Updated initial conditions

GPUSimulators/Common.py

@@ -92,12 +92,13 @@ def runSimulation(simulator, simulator_args, outfile, save_times, save_var_names
     save_times, and saves all of the variables in list save_var_names. Elements in  
     save_var_names can be set to None if you do not want to save them
     """
+    logger = logging.getLogger(__name__)
     
     assert len(save_times) > 0, "Need to specify which times to save"
     
     with Timer("construct") as t:
         sim = simulator(**simulator_args)
-    print("Constructed in " + str(t.secs) + " seconds")
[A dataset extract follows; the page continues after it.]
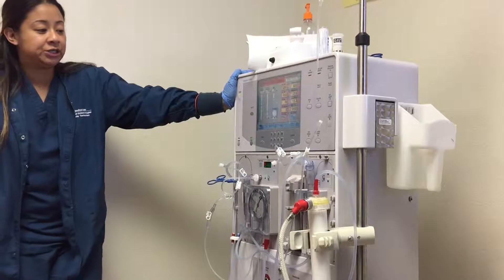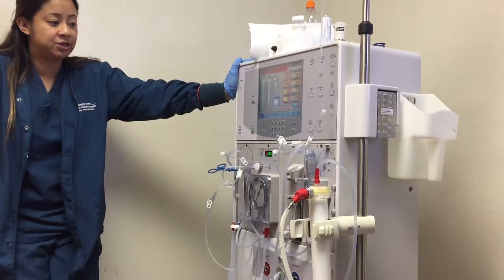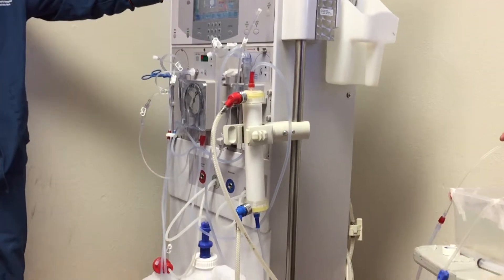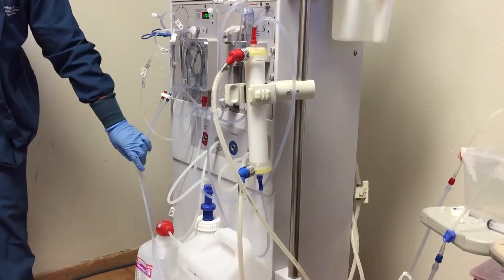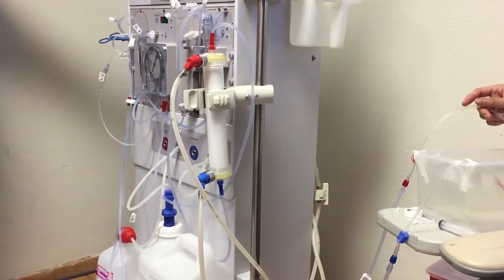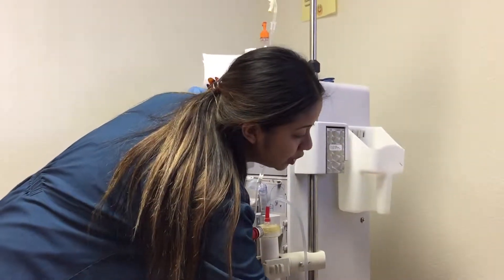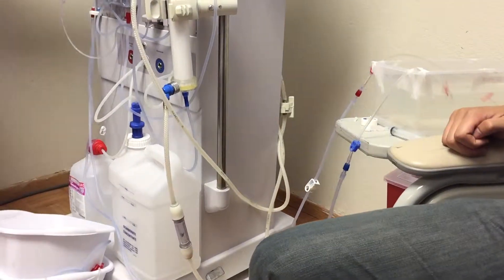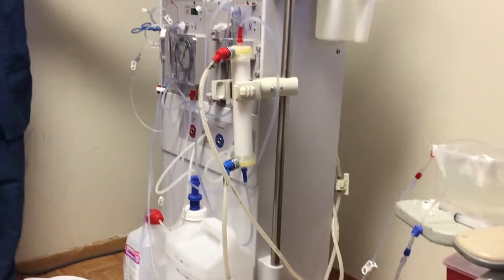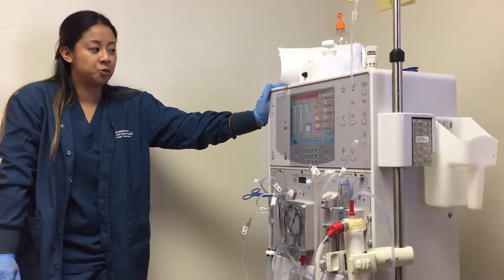One thing you always want to make sure is you keep a really close eye on your arterial line, because there's no air detector that can stop any air. So you just got to keep a really close eye when you're returning. Once you have 300 total, that's when you can clamp your arterial, clamp your venous, and then disconnect the patient. And that's when you do post-sitting, post-standing, and then you can remove the needles.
+    logger.info("Constructed in " + str(t.secs) + " seconds")
 
     #Create netcdf file and simulate
     with DataDumper(outfile, mode='w', clobber=False) as outdata:
@@ -153,7 +154,7 @@ def runSimulation(simulator, simulator_args, outfile, save_times, save_var_names
             try:
                 sim.check()
             except AssertionError as e:
-                print("Error after {:d} steps (t={:f}: {:s}".format(sim.simSteps(), sim.simTime(), str(e)))
+                logger.error("Error after {:d} steps (t={:f}: {:s}".format(sim.simSteps(), sim.simTime(), str(e)))
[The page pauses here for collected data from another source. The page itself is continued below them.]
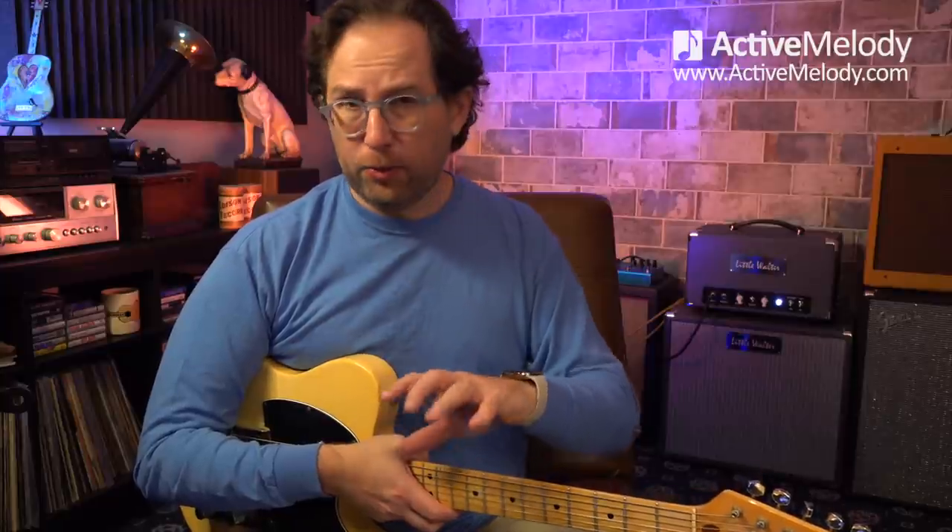Now we're going to switch gears and talk about the major scale, and then how we mix the major scale with arpeggios to play these solos. The major scale is do, re, mi, fa, sol, la, ti — you know what that sounds like by ear. We're going to be playing it in only one position for this lead, which makes it very easy.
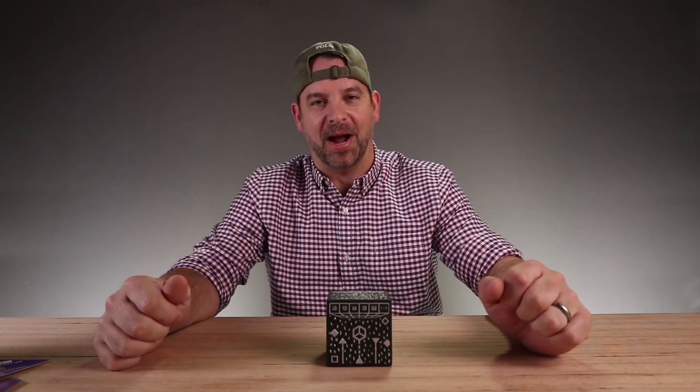All right, thanks for watching, thanks for tuning in. Make sure you subscribe and hit that little bell icon so you can see what we open next, right here on Unbox Warehouse.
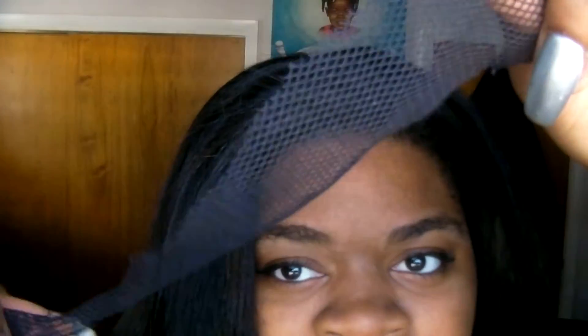This is the excess net that I cut off around it — very stretchy material.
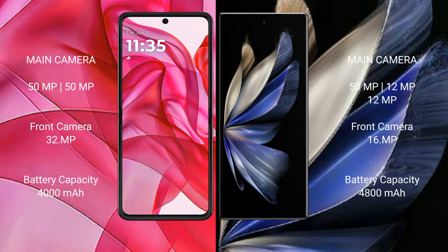Motorola Razr 50 Ultra has a dual camera setup with a 50-megapixel main camera and a 32-megapixel front camera. Vivo X Fold 2 has a rear triple camera setup: 50MP plus 12MP plus 12MP, and front cameras of 1MP, 1MP, and 16MP.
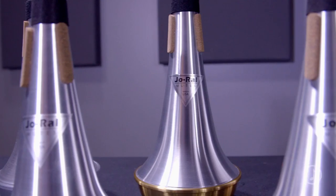Joe Ryle mutes are made with the highest quality standards. This is a classic mute with great intonation and performs well over the entire range of the instrument.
                 return outdata.filename
 
             #Simulate
@@ -170,9 +171,9 @@ def runSimulation(simulator, simulator_args, outfile, save_times, save_var_names
             #Write progress to screen
             print_string = progress_printer.getPrintString(t_end)
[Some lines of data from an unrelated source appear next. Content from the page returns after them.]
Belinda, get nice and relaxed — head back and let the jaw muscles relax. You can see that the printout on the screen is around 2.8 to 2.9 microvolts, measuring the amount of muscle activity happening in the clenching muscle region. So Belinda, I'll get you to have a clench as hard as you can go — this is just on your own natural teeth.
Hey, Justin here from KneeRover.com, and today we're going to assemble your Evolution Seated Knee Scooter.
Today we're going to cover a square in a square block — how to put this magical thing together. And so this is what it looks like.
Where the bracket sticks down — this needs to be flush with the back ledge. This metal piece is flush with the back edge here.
             if (print_string):
-                print(print_string)
+                logger.debug(print_string)
                 
-        print("Simulated to t={:f} in {:d} timesteps (average dt={:f})".format(t_end, sim.simSteps(), sim.simTime() / sim.simSteps()))
+        logger.debug("Simulated to t={:f} in {:d} timesteps (average dt={:f})".format(t_end, sim.simSteps(), sim.simTime() / sim.simSteps()))
 
     return outdata.filename   
 

GPUSimulators/helpers/InitialConditions.py

@@ -25,7 +25,32 @@ import numpy as np
 import gc
 
 
+def getExtent(width, height, nx, ny, grid):
+    if grid is not None:
+        gx = grid.grid[0]
+        gy = grid.grid[1]
+        i, j = grid.getCoordinate()
+        
+        dx = (width / gx) / nx
+        dy = (height / gy) / ny
+        
+        x0 = width*i/gx + 0.5*dx
+        y0 = height*j/gy + 0.5*dy
+        x1 = width*(i+1)/gx - 0.5*dx
+        y1 = height*(j+1)/gy - 0.5*dx
+        
+    else:
+        dx = width / nx
+        dy = height / ny
+        
+        x0 = 0.5*dx
+        y0 = 0.5*dy
+        x1 = width-0.5*dx
+        y1 = height-0.5*dy
+        
+    return [x0, x1, y0, y1, dx, dy]
 
+        
 def downsample(highres_solution, x_factor, y_factor=None):
     if (y_factor == None):
         y_factor = x_factor
@@ -104,15 +129,13 @@ def bump(nx, ny, width, height,
     return h, hu, hv, dx, dy
 
 
-def genShockBubble(nx, ny, gamma):
+def genShockBubble(nx, ny, gamma, grid=None):
     """
     Generate Shock-bubble interaction case for the Euler equations
     """
     
     width = 4.0
     height = 1.0
-    dx = width / float(nx)
-    dy = height / float(ny)
     g = 0.0
 
 
@@ -122,19 +145,21 @@ def genShockBubble(nx, ny, gamma):
     E = np.zeros((ny, nx), dtype=np.float32)
     p = np.ones((ny, nx), dtype=np.float32)
 
-    x_center = 0.5
-    y_center = 0.5
-    x = np.linspace(0.5*dx, nx*dx-0.5*dx, nx, dtype=np.float32) - x_center
-    y = np.linspace(0.5*dy, ny*dy-0.5*dy, ny, dtype=np.float32) - y_center
+    
+    x0, x1, y0, y1, dx, dy = getExtent(width, height, nx, ny, grid)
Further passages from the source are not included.